======== Provided data
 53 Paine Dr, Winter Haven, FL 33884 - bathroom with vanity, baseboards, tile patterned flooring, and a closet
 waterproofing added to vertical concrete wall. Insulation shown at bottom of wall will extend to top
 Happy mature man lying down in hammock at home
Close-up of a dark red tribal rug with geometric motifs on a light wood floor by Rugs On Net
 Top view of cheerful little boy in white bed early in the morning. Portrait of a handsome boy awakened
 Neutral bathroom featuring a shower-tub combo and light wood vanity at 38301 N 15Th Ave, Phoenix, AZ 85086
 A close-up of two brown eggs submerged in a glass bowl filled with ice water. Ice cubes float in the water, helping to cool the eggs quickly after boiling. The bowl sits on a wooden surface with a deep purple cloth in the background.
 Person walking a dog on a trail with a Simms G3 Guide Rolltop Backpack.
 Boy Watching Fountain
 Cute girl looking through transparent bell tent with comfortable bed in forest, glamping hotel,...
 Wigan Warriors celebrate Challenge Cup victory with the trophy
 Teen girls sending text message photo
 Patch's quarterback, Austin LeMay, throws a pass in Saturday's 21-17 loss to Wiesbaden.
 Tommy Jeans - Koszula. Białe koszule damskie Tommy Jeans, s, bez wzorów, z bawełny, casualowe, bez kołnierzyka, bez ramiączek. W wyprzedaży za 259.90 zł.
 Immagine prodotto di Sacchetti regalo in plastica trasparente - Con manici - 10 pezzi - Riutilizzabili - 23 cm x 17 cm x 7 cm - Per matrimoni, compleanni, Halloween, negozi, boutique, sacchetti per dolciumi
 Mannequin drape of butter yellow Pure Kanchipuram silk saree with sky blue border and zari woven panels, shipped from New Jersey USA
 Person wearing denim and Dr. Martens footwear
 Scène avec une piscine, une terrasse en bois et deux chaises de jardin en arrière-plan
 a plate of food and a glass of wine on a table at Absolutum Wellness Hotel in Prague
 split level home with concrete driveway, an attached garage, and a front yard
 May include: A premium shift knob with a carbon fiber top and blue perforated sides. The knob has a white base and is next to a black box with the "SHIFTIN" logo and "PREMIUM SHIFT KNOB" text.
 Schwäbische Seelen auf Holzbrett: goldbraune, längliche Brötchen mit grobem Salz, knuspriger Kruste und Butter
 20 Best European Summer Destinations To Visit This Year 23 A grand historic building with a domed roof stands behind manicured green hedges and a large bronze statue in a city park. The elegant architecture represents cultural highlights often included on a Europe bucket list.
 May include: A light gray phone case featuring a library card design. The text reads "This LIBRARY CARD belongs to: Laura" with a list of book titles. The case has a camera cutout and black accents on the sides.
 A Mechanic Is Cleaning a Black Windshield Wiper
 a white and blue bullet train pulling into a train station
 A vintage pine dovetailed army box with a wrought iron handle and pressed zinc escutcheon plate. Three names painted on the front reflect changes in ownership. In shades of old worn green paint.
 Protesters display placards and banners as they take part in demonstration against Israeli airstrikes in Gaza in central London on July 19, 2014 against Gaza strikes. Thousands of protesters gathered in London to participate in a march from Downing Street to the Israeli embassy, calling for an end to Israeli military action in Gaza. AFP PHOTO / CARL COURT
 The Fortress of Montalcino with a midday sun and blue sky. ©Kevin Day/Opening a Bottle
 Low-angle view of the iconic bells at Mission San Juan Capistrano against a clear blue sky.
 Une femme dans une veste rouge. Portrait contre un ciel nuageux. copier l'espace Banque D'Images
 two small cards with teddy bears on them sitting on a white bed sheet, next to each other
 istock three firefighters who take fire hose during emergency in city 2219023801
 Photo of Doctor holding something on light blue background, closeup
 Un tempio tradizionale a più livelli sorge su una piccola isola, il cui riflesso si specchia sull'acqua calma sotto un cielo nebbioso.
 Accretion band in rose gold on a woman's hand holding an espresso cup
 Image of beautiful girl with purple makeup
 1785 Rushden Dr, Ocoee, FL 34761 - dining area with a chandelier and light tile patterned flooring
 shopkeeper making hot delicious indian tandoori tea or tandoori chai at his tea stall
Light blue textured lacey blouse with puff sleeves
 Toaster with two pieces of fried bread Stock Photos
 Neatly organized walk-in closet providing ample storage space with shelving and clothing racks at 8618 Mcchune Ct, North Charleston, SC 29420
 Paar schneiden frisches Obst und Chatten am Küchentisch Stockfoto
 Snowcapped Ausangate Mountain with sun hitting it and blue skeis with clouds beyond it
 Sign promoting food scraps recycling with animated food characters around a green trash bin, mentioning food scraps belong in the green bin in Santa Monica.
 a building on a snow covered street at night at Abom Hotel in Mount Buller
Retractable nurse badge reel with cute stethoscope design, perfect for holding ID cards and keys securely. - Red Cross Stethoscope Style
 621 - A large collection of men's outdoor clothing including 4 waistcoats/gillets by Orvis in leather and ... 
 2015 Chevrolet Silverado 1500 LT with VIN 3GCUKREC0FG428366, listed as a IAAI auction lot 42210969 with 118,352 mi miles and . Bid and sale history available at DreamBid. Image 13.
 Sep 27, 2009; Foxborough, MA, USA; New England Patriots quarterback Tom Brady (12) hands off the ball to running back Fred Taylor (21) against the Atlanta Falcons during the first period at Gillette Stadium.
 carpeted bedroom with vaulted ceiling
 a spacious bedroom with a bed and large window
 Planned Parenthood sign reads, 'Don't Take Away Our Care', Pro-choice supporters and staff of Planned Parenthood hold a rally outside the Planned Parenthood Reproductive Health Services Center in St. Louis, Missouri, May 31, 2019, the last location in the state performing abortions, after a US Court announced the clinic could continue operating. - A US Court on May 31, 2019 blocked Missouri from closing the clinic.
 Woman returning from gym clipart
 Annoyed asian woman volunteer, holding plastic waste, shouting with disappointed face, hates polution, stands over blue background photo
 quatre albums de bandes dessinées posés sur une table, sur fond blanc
================
[Work order]: I'd like an exact copy of the lines above, from the very first one through the line that contains "Patch's quarterback, Austin", with nothing else added.

[Solution for this task]:
 53 Paine Dr, Winter Haven, FL 33884 - bathroom with vanity, baseboards, tile patterned flooring, and a closet
 waterproofing added to vertical concrete wall. Insulation shown at bottom of wall will extend to top
 Happy mature man lying down in hammock at home
Close-up of a dark red tribal rug with geometric motifs on a light wood floor by Rugs On Net
 Top view of cheerful little boy in white bed early in the morning. Portrait of a handsome boy awakened
 Neutral bathroom featuring a shower-tub combo and light wood vanity at 38301 N 15Th Ave, Phoenix, AZ 85086
 A close-up of two brown eggs submerged in a glass bowl filled with ice water. Ice cubes float in the water, helping to cool the eggs quickly after boiling. The bowl sits on a wooden surface with a deep purple cloth in the background.
 Person walking a dog on a trail with a Simms G3 Guide Rolltop Backpack.
 Boy Watching Fountain
 Cute girl looking through transparent bell tent with comfortable bed in forest, glamping hotel,...
 Wigan Warriors celebrate Challenge Cup victory with the trophy
 Teen girls sending text message photo
 Patch's quarterback, Austin LeMay, throws a pass in Saturday's 21-17 loss to Wiesbaden.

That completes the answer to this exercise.